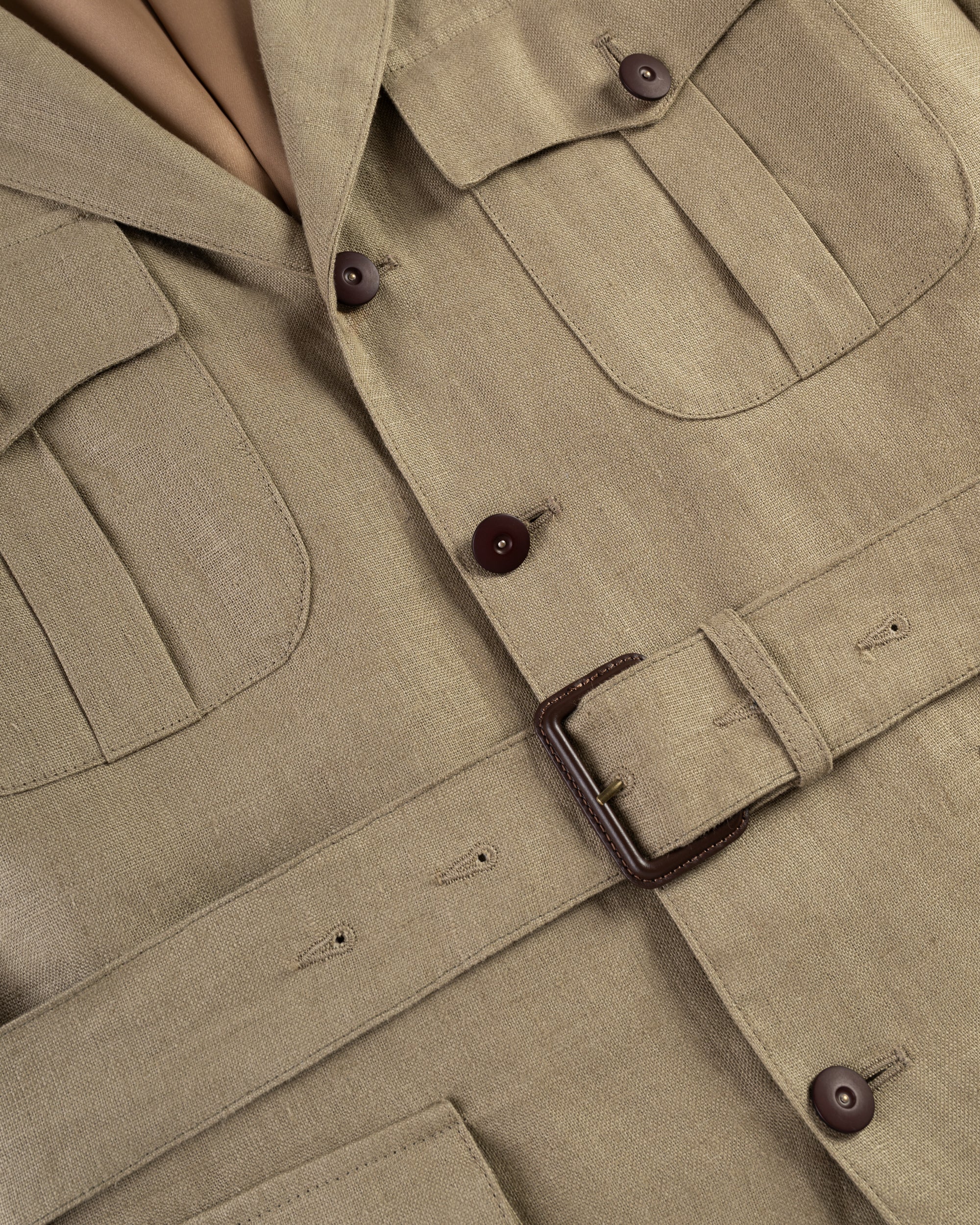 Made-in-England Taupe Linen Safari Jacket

* * *

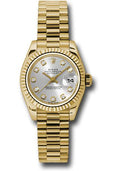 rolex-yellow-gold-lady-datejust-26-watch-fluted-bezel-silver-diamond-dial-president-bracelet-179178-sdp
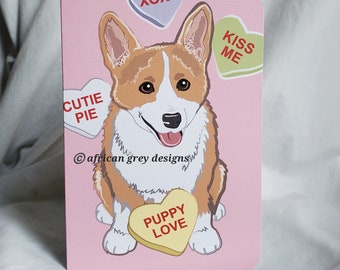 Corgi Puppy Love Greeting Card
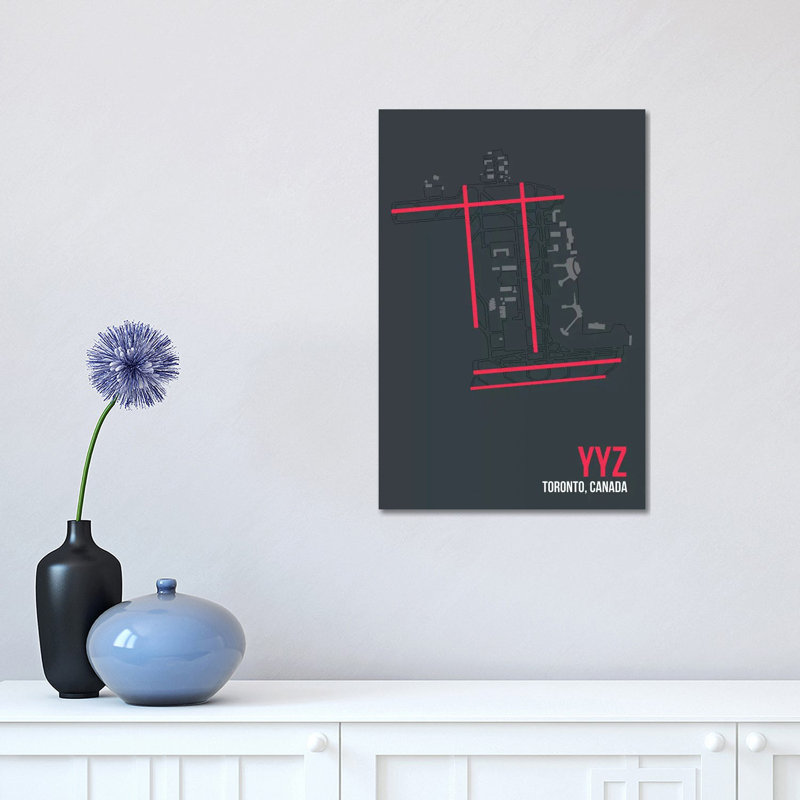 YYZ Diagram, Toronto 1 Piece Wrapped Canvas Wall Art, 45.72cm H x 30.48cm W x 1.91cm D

**Task to carry out**:
Beginning with the line that contains "Corgi Puppy Love Greeting Card", write out the lines of the material above exactly, and end with the line that contains "YYZ Diagram, Toronto". Omit the pictures.

**Written answer**:
 Corgi Puppy Love Greeting Card
 YYZ Diagram, Toronto 1 Piece Wrapped Canvas Wall Art, 45.72cm H x 30.48cm W x 1.91cm D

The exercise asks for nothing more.